Wednesday, January 22, 2003

January 22, 2003
Staff meeting at eight. Very lively discussion about giving away mags at events like High Noon vs. holding the line and selling subs and issues. I can see both sides. The sales staff thinks we should get as many mags out as possible to anyone who is remotely interested in the hopes of reaching more readers. This is our competitors strategy (C&I and American Cowboy give out 1,000 mags at every show we have been at with them). R.G. counters this with the fact that each mag costs us 92 cents and when you give something away it has less value to the recipient. This also is true. I attended a writer’s conference in Gunnison last summer and got a packet with the usual bumper stickers, chamber brochures, Subway coupon, etc.. Also included was a Persimmon Hill magazine (which I happen to love), but when it came time to leave, I left everything in the room. The magazine became a throw-away. Or, as Thomas Paine put it: “What we obtain too cheap, we esteem too lightly.”

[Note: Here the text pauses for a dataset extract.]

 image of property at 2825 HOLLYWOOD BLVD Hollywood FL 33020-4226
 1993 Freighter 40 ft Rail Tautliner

The sell-thru seminar on our covers was also quite enlightening. After I laid out the magazines by date, I then pulled all the losers and put them on the left, and made two tiers: the four very best sellers and the second tier with the almost as good, but slightly lower sales. The effect was stunning. At the very top were: Wyatt Earp, Custer, Wild Bill and Doc Holliday. All four had a singular image and a headline that you could read across the room. In the second tier were The Alamo issue, The Scouts, Texas Rangers, Jesse James, Butch & Sundance.

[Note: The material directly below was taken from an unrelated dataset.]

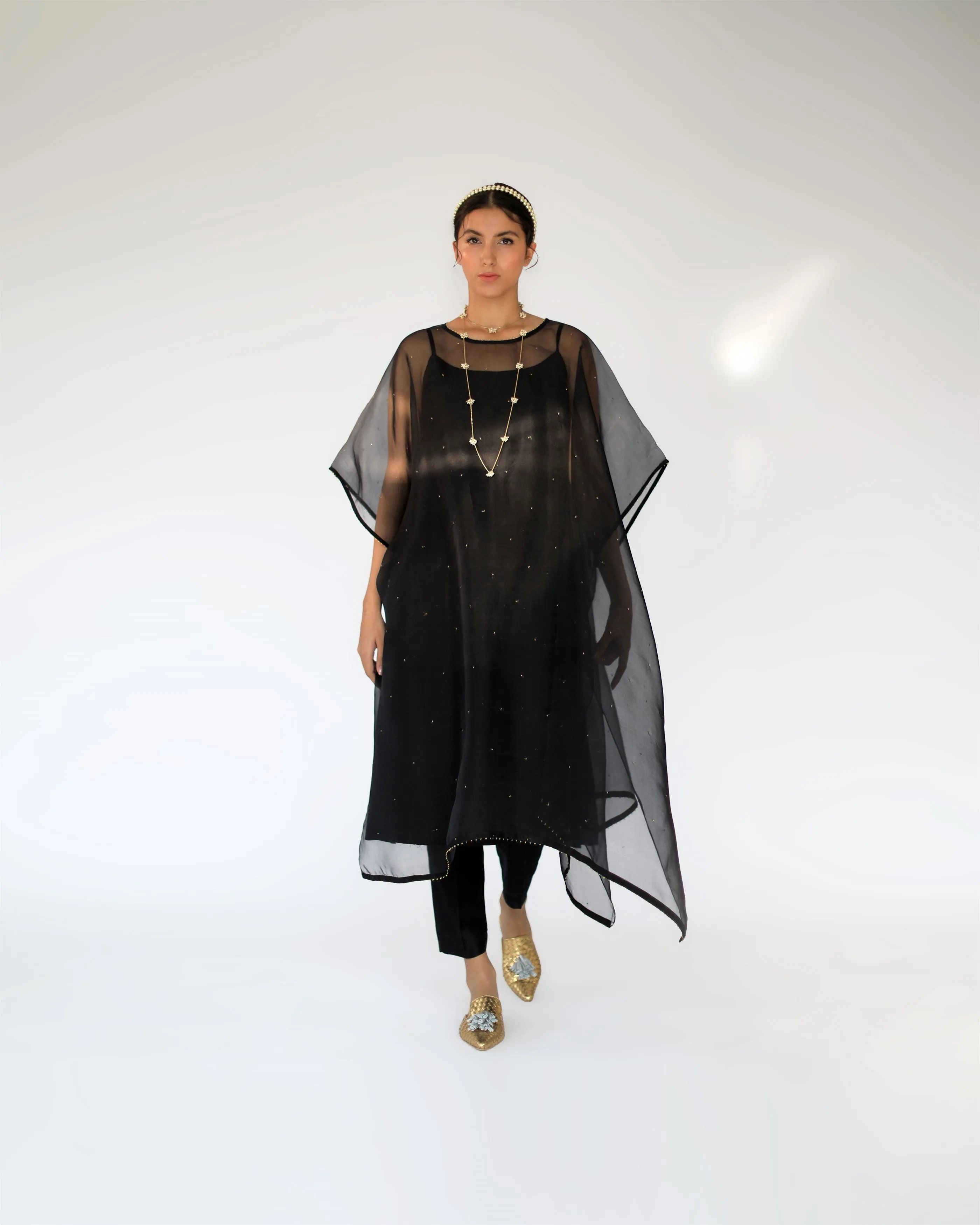 Shikha Mehta Ruth Black Zadie Cape Set Silk Organza Muslin Silk Silk Chanderi Black Hana Ss21F-Bc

Win Holden, the publisher of Arizona Highways, came out at 12:40 and took a look at our next cover. Daniel H. has designed two different cover options. One with a close-up of John Wayne’s face, and the other a full body shot of the Duke, from Hondo, and it is stark black and white. Win said he would go with the close-up on the face. In today’s market there is strong statistical evidence that the singular, closeup on the face is the image that sells the most.

Jana B., R.G., Win and I went to lunch at Tonto. Win talked about the calendar business. Very enlightening. We want to do a True West calendar, but we may already be too late for 2004. In fact, Highways is already working up 2005. That’s how far out front you have to be. Amazing.

Drove in for a dental appointment at two. Survived cleaning and X-rays.

Came back and finished roughing in Classic Gunfights layout. R.G. gave me the word that there is room for “The Duke Is Born.” Got to finish that artwork before Friday because I’m going to Tucson for a writer’s conference. I’ll be looking for new writers and teaching a seminar. Imagine.

“I had a terrible education.  I went to a school for emotionally disturbed teachers.”